To generate a temporal profile for this process, we need to calculate the average and standard deviation of the times between each pair of activities.

Here is a Python script that should help you achieve this:
```python
import re
from collections import defaultdict
from statistics import mean, stdev

# Process variants
variants = [
    "Create Fine -> Send Fine -> Insert Fine Notification -> Add penalty -> Send for Credit Collection ( frequency = 56482  performance = 59591524.946 )",
    "Create Fine -> Payment ( frequency = 46371  performance = 889688.400 )",
    #... (rest of the process variants)
]

# Extract activities and their timestamps from each variant
activities = defaultdict(list)
for variant in variants:
    matches = re.findall(r"(\w+ \w+) -> (\w+ \w+) \( frequency = (\d+)  performance = (\d+\.\d+) \)", variant)
    for (activity1, activity2, frequency, performance) in matches:
        activities[(activity1, activity2)].append(float(performance))

# Calculate average and standard deviation of times between activities
temporal_profile = {}
for (activity1, activity2), timestamps in activities.items():
    avg = mean(timestamps)
    std_dev = stdev(timestamps)
    temporal_profile[(activity1, activity2)] = (avg, std_dev)

print(temporal_profile)
```
This script uses regular expressions to extract the activities and their timestamps from each process variant. It then calculates the average and standard deviation of the timestamps for each pair of activities using the `mean` and `stdev` functions from the `statistics` module. Finally, it stores the results in a dictionary called `temporal_profile`.
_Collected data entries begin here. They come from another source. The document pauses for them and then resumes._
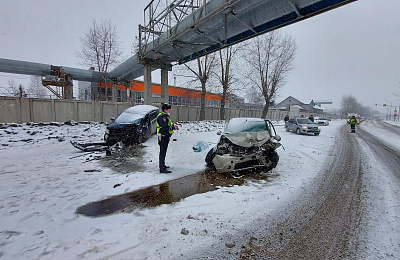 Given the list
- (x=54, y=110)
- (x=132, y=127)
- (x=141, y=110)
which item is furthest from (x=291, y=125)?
(x=54, y=110)

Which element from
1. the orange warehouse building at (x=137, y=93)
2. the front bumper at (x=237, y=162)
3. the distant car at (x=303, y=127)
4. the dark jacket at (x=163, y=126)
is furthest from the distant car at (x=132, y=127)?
the orange warehouse building at (x=137, y=93)

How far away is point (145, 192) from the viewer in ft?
12.8

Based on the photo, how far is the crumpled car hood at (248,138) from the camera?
5.01m

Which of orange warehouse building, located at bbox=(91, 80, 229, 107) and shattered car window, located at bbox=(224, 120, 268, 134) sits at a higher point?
orange warehouse building, located at bbox=(91, 80, 229, 107)

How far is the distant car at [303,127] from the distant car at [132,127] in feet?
37.3

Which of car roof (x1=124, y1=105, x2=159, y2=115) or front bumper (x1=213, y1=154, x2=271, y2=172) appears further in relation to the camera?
car roof (x1=124, y1=105, x2=159, y2=115)

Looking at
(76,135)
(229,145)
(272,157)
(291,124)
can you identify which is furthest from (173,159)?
(291,124)

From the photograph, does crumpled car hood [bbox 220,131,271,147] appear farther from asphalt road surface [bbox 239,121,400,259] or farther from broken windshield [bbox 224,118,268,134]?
asphalt road surface [bbox 239,121,400,259]

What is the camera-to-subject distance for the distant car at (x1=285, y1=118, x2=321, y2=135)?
13586 mm

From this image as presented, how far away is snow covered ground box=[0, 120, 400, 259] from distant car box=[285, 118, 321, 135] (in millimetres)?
8224

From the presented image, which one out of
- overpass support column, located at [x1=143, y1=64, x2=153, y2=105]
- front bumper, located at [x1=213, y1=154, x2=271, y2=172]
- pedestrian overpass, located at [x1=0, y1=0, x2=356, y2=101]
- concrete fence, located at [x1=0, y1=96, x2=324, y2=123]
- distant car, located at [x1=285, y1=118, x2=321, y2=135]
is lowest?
front bumper, located at [x1=213, y1=154, x2=271, y2=172]

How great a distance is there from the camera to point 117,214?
9.82 feet

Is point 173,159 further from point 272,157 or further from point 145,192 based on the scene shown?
point 272,157

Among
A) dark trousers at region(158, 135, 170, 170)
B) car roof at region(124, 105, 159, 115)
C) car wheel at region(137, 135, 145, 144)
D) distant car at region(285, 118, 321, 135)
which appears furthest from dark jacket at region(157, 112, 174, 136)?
distant car at region(285, 118, 321, 135) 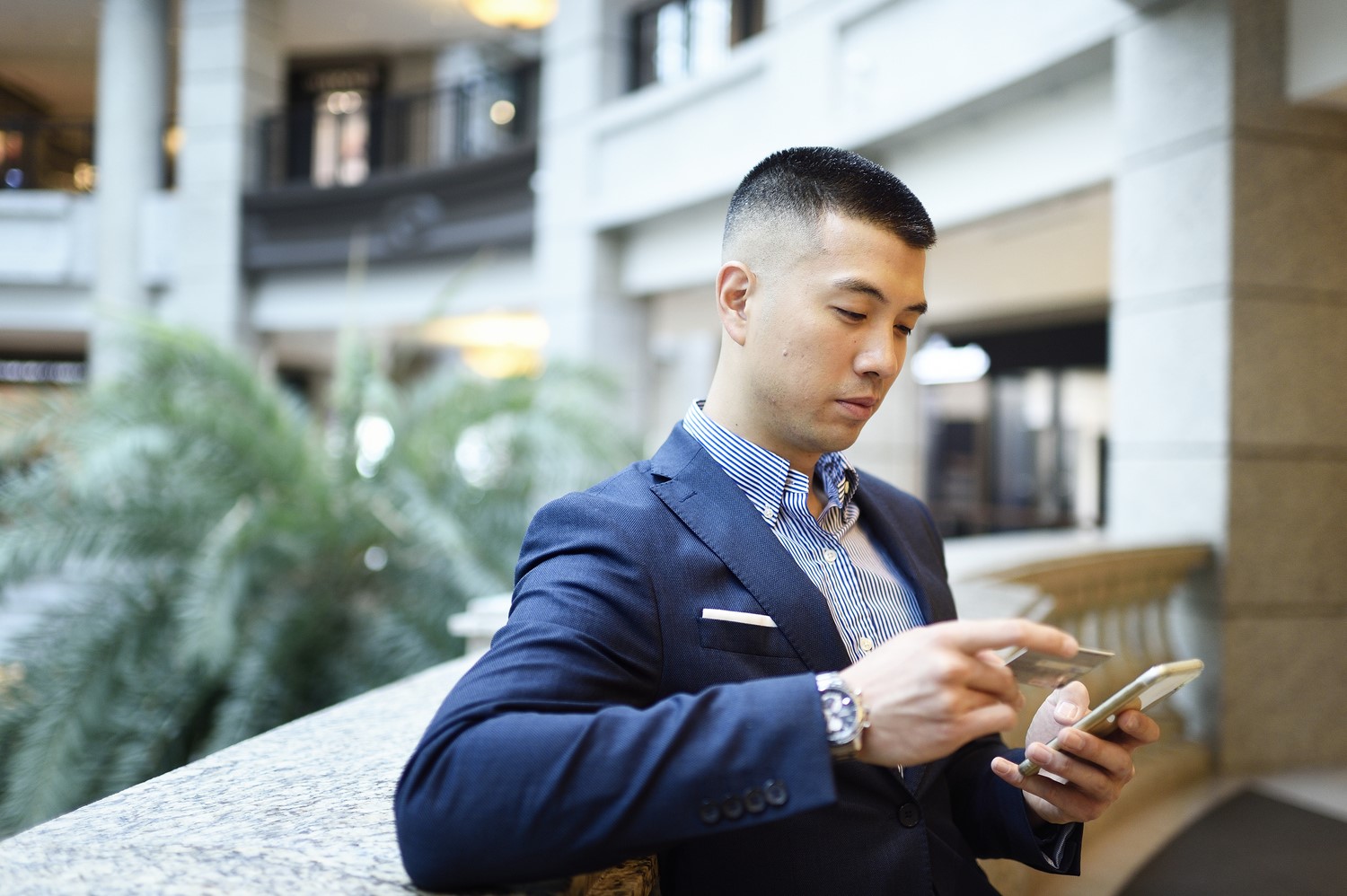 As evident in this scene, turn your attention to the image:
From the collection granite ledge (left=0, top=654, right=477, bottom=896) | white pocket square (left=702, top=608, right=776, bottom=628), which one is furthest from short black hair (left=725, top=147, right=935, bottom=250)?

Note that this script assumes that the timestamps are in seconds. If they are in a different unit, you may need to adjust the script accordingly.

Also, keep in mind that this script only considers the direct successors of each activity. If you want to consider all possible successors (not just direct ones), you may need to modify the script to use a more sophisticated approach, such as a graph-based algorithm.